Это ты. И это твоё будущее. И это. И это.
Андрей кружил и кружил по клетке, влекомый нитями, заплетаемыми помешательством в свои безумные кружева. Кружил и кружил, раздваиваясь, растраиваясь, расчетверяясь, распадаясь... натыкаясь на гримасы бестелесных марионеток Зазеркалья. Андреи кружили и кружили... Безумные клетки... в клетке судьбы.
...Кажется, минул год. Будущее превратилось в прошедшее и смешалось с прошлым.
Шиповник, жасмин и женщины плыли в разинутые форточки и в разинутые окна. Миллионы тёплых сосулек свисали с неба. Их можно увидеть, если зажмурить глаза и оставить щели. И долго смотреть, пока не почувствуешь, как они тают и скользят, сначала по векам, потом по щекам, потом по губам.

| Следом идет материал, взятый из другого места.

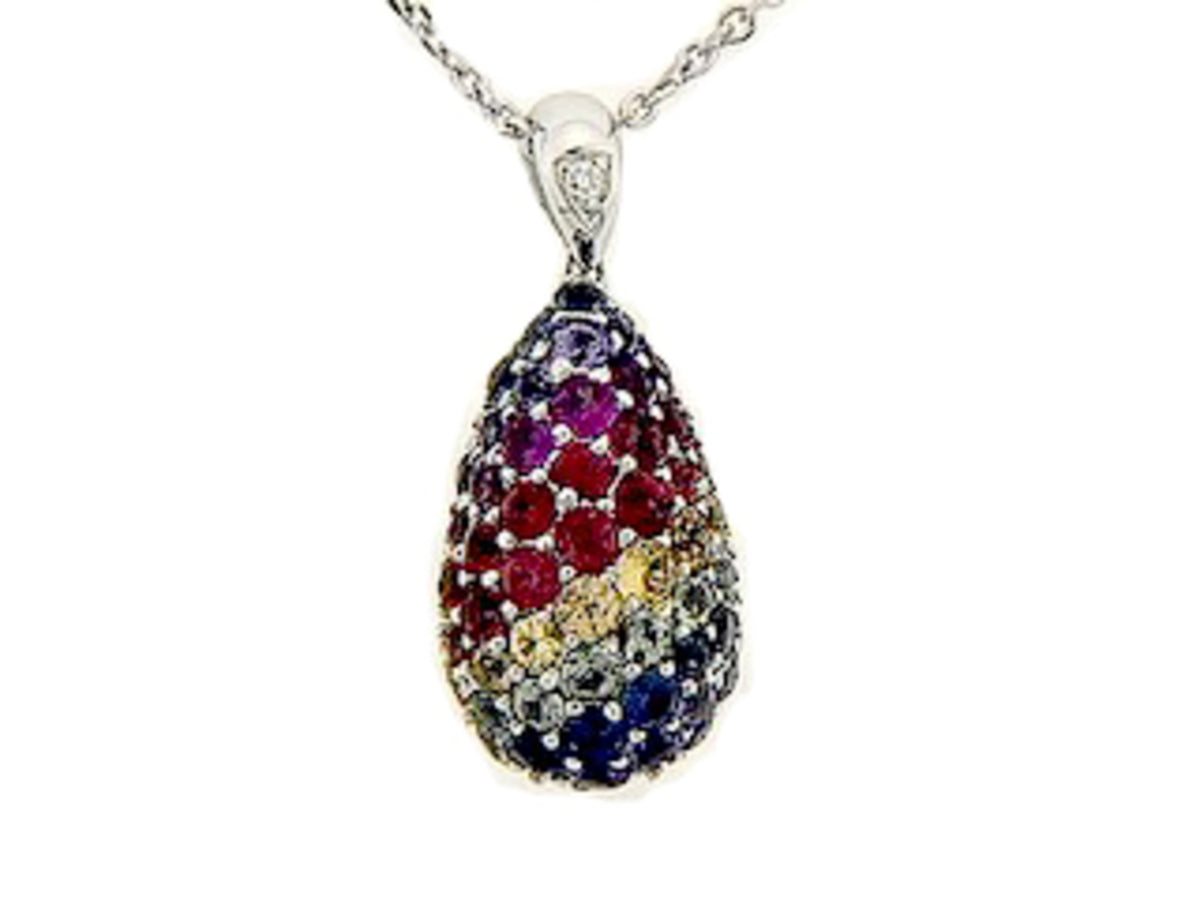 RAINBOW SAPPHIRE & DIAMOND PENDANT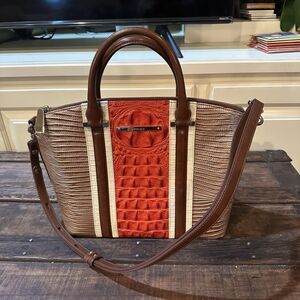 Brahmin Duxbury Satchel Shoulder Bag Cabana Vertical Vineyard
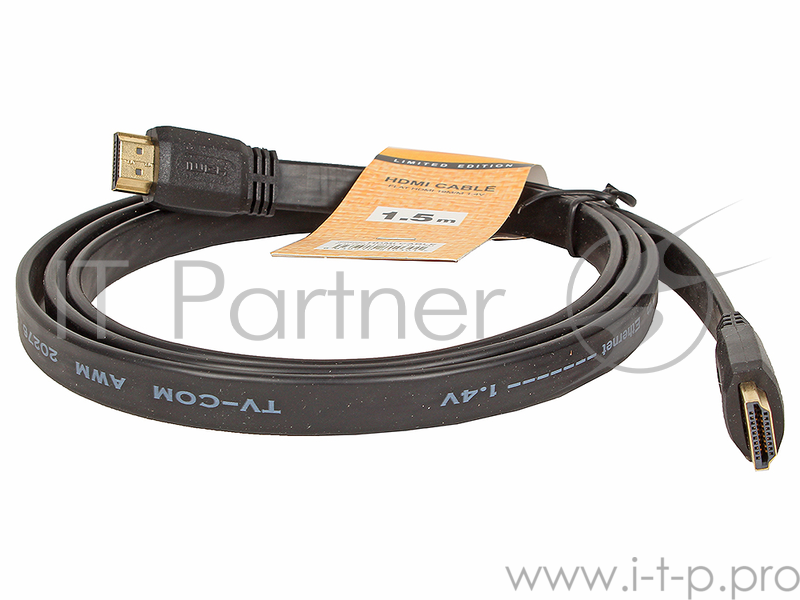 Кабель TV-COM Кабель цифровой (CG200F-1.5M) HDMI TV-COM 19M/M 1.4V плоский 1.5m черный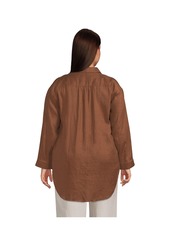 Lands' End Plus Size Linen Long Sleeve Oversized Extra Long Tunic Top - Allspice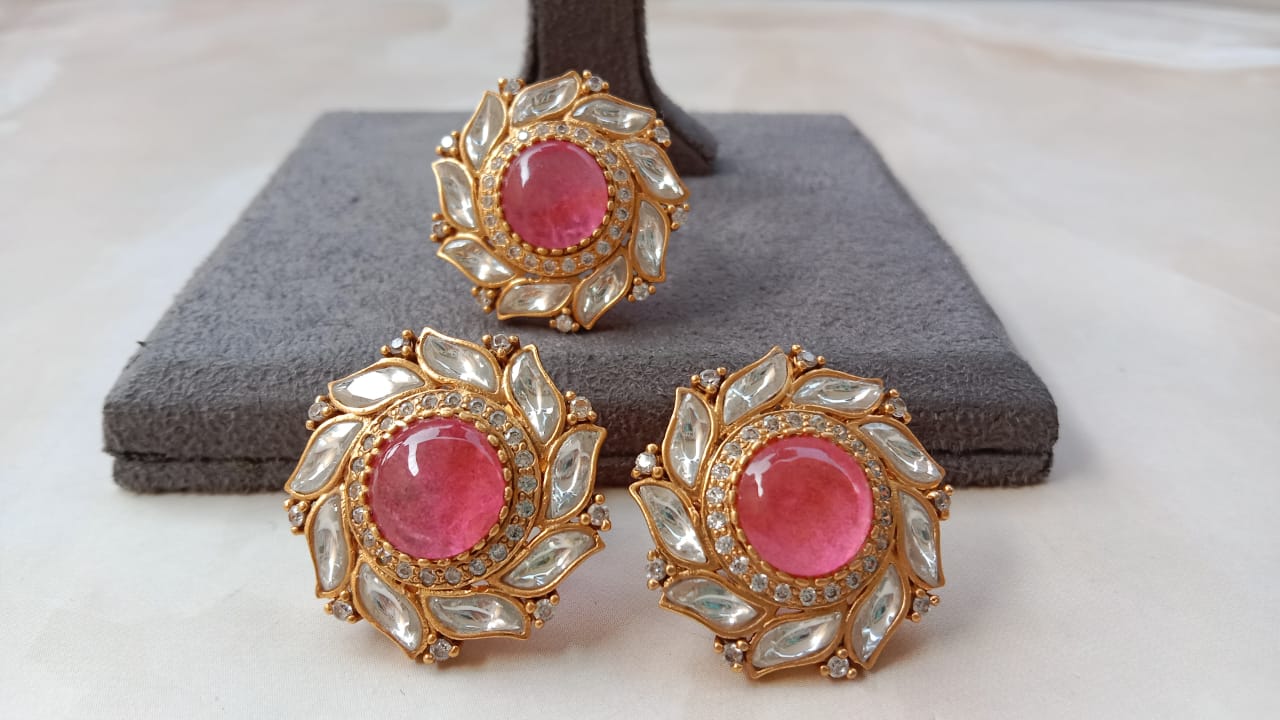 Combo of Pink Kundan Ring and Tops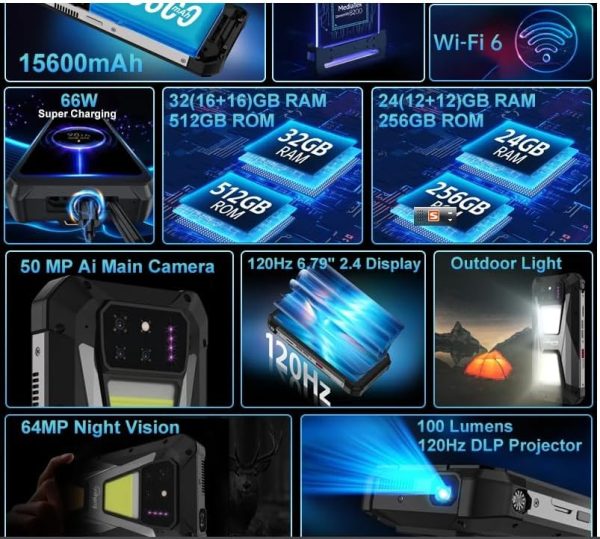 ⁦8849 Tank 3S Rugged Smartphone with Projector 12GB RAM 256GB ROM Dimensity 8200 5G 50MP Main Camrea 64MP Night Vision Dual Sim⁩ - الصورة ⁦2⁩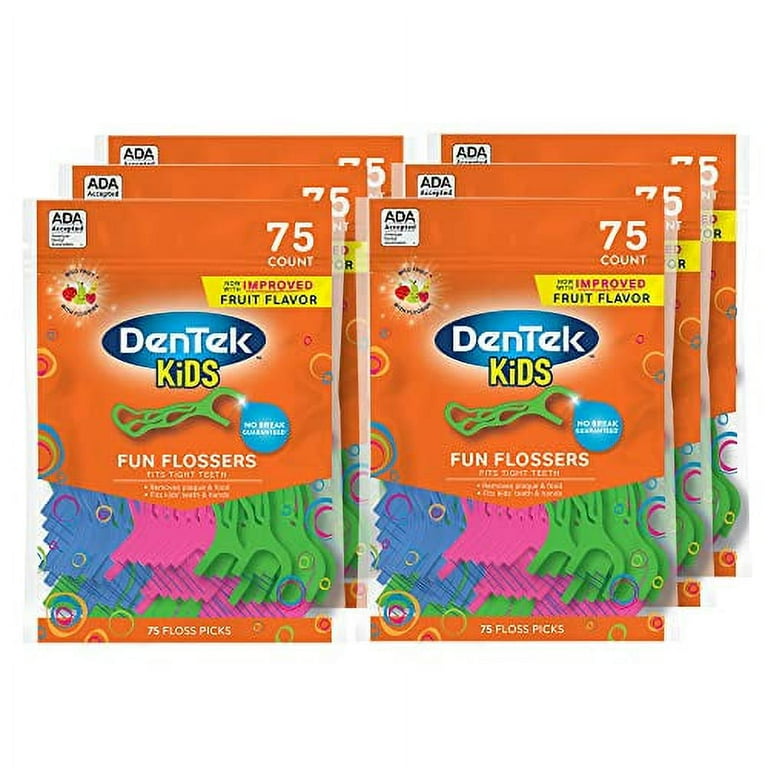 DenTek Kids Fun Flossers, Removes Food & Plaque, Wild Fruit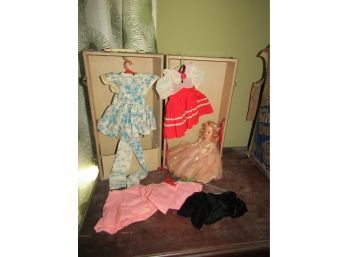 Vintage Doll, Clothes & Case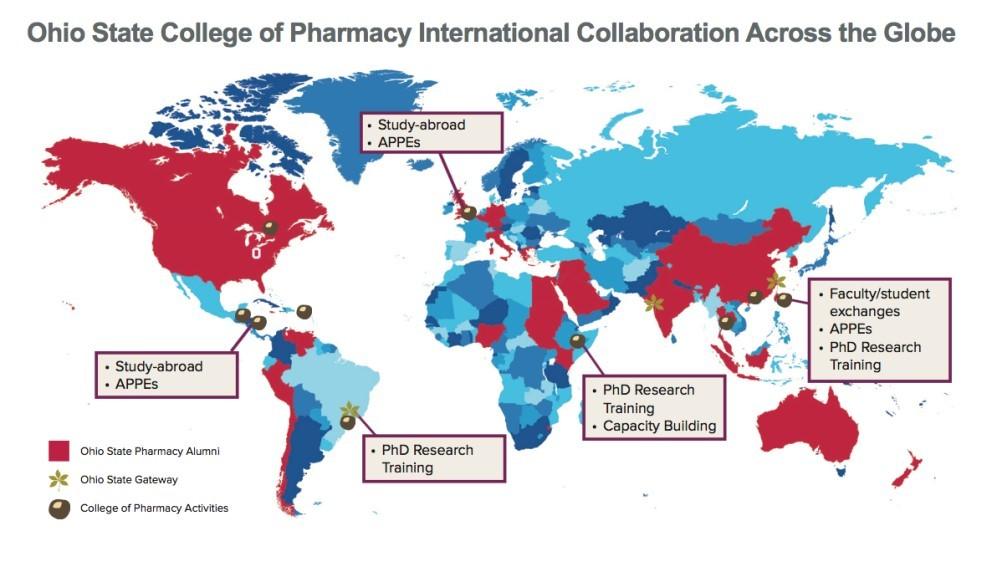 Image of globe with partnerships highlighted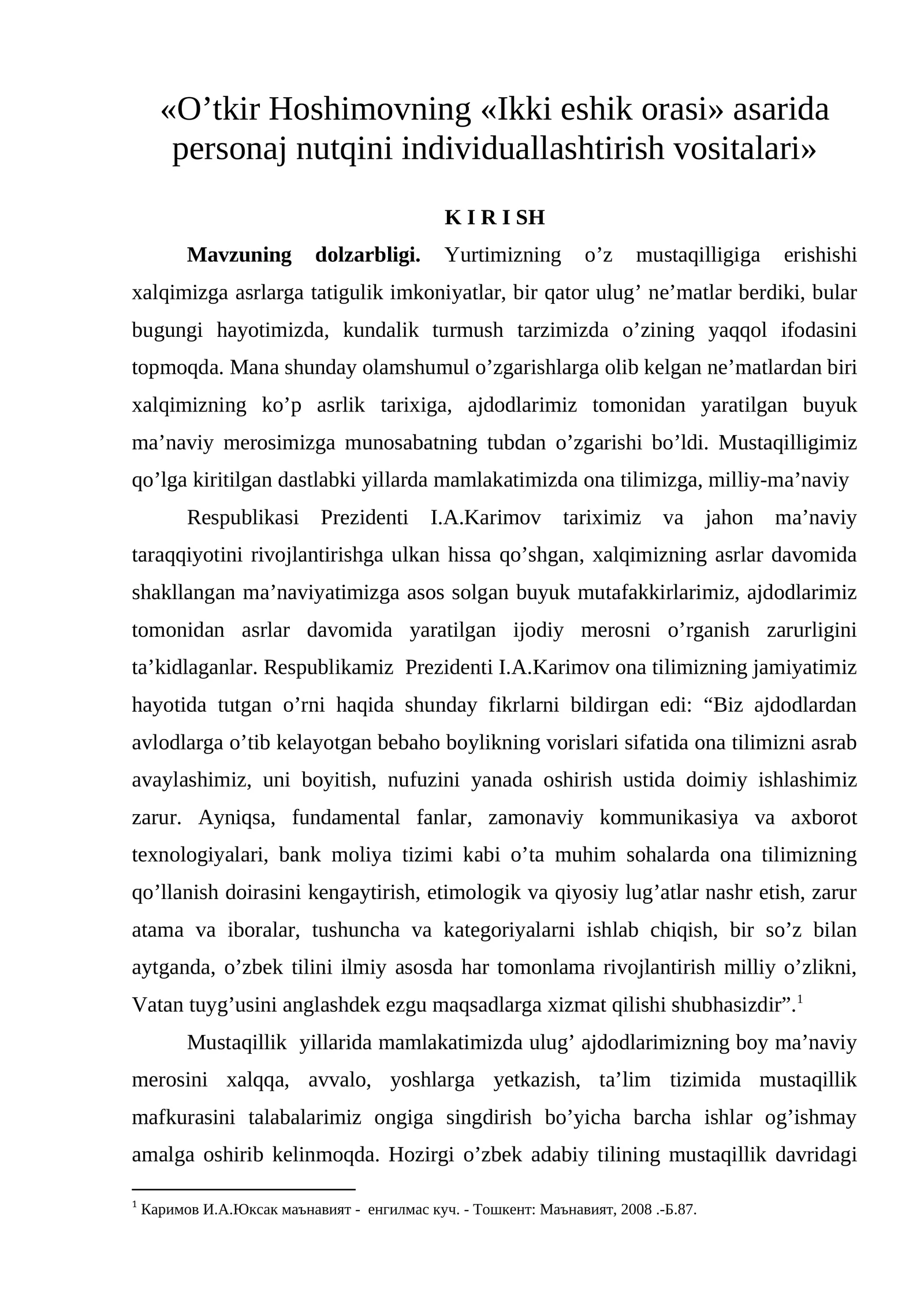 «O’tkir Hoshimovning «Ikki eshik orasi» asarida personaj nutqini individuallashtirish vositalari» 1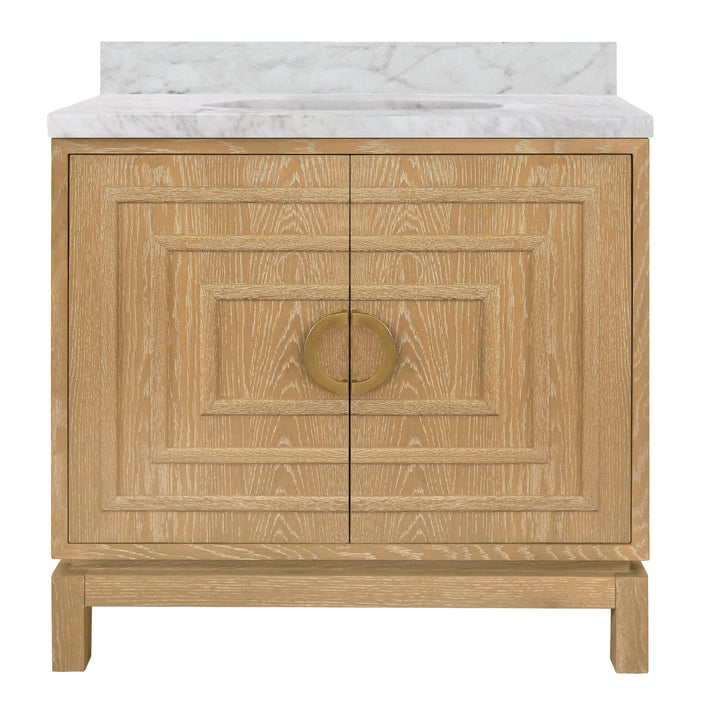 Bath Vanity In Cerused Oak With Antique Brass Circle Hardware, White Marble Top, And Porcelain Sink - BIXBY CO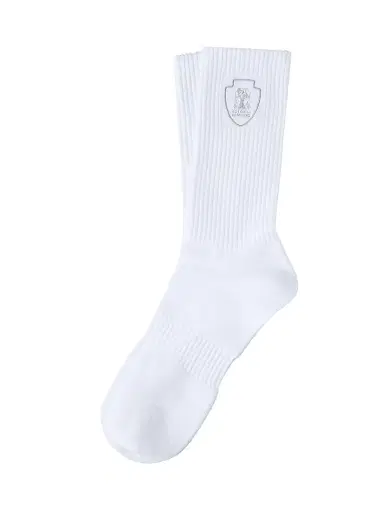 Brunello Cucinelli Men's Techno Cotton Rib Knit Socks with Embroidered Logo - White - Size XXL | Thumbnail 1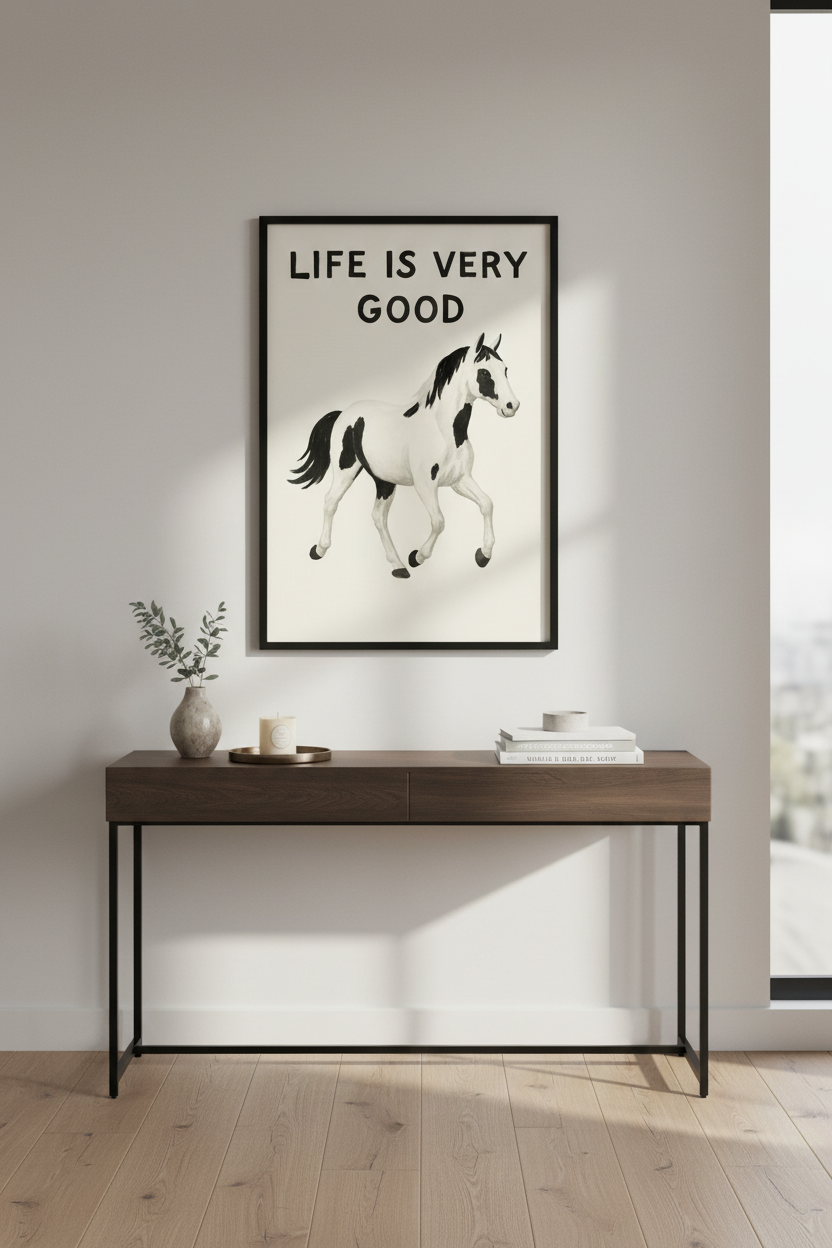 Minimalist Inspirational Horse Wall Art Print | Farmhouse Living Room Decor | Cottagecore Black &amp; White Poster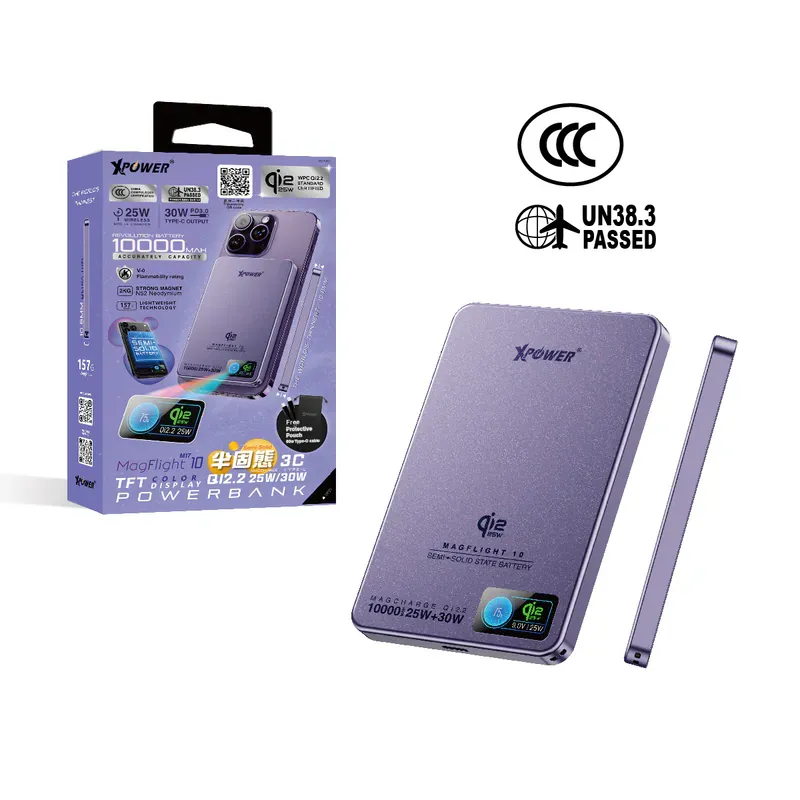 XPower MagFlight10 M17 半固態TFT彩屏顯示 QI2.2 25W/30W 10000mAh 磁吸行動電源 [香港行貨一年保養]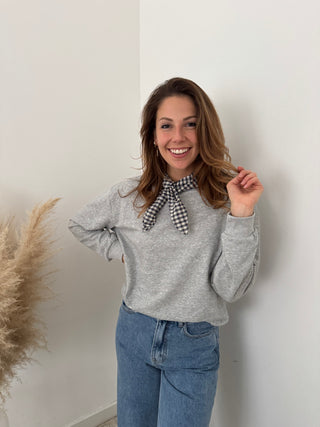 Simple grey scarf sweater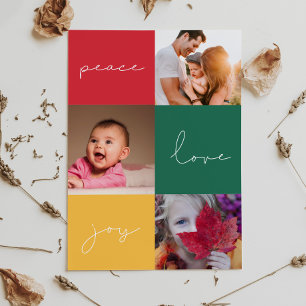 Minimalist Peace Love Joy 3 Photo Collage Holiday Card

А если открыть, то увидишь девушку, с кривизной скелета, с таксой, отвлекающей избыток внимания, именуемый любопытством, с золотистыми локонами, которые ближе к кривизне ветра, чем к кривизне скелета, в платьице, взятом напрокат у лета, с оплатой последнему в виде регулярных свиданий.
Рама окна, как рама картины, с той лишь разницей, что картину можно только рассматривать, а в окно можно вылезти и превратиться из соглядатая в соучастника свидания.
Что-то поманило тебя в картину под названием "Девушка за окном". Игра солнца затенила смущение, которое всегда возникает, когда раздвигаешь рамки привычного. И плевать на кривизну, то есть на геометрию, то есть на мелочь, раздутую Евклидом и К. И плевать на немого дурака, который прячется в складках пространства.
Хорошо, что у девушки за окном есть подружка, которая не обидится, если станет поводом для знакомства. В первый день ты так и не воспользовался этим поводом.
Потом было много дней, когда вы гуляли вместе, боясь посмотреть в глаза друг другу. Пространство – уютное убежище для глаз, прячущихся от глаз.
Потом было много дней, когда вы гуляли вместе, заглядывая в зеркала в пространстве, которые подтверждали, что вы вместе.
Потом было много дней, когда вы смотрелись друг в друга. И, увеличивая пространство, расставание не делало вас дальше.
Потом вы шагнули в день, вы шагнули в час, в котором счастье не делится с пространством, в котором шёпот счастья оглушает, не имея возможности рассеяться и потеряться. Вы шагнули в день, вы шагнули в час, которого ты так боялся. Боялся, что кривизна покривит, поломает её счастье. А она не боялась, потому что была с тобой и со счастьем, а для кривизны не оставляла пространства.
Потом тебя били у двери в твою квартиру. Если бы в чужую, ещё понятно. Может быть, во всем виноват поворот ключа в замочной скважине. В голове затрещало, будто сработало зажигание, и машина насилия тронулась с места. Тебя били и наслаждались, хотя на лестничной площадке, предназначенной для будничного топтания, не было объекта для наслаждения. Тебя били из любви к процессу, то есть к битью. Так бьют только менты и подростки, потому что и те, и другие – сами себе закон. Перед тем, как забыть, ты успел вспомнить, что её отец – полицейский чин, и сделать вывод, что страдаешь из-за любви к детям. Дитя просто поделилось счастьем.
...Потом было много дней (было мало дней), когда вы гуляли вместе. Вам нечего было прощать друг другу. И нечего было терять друг без друга.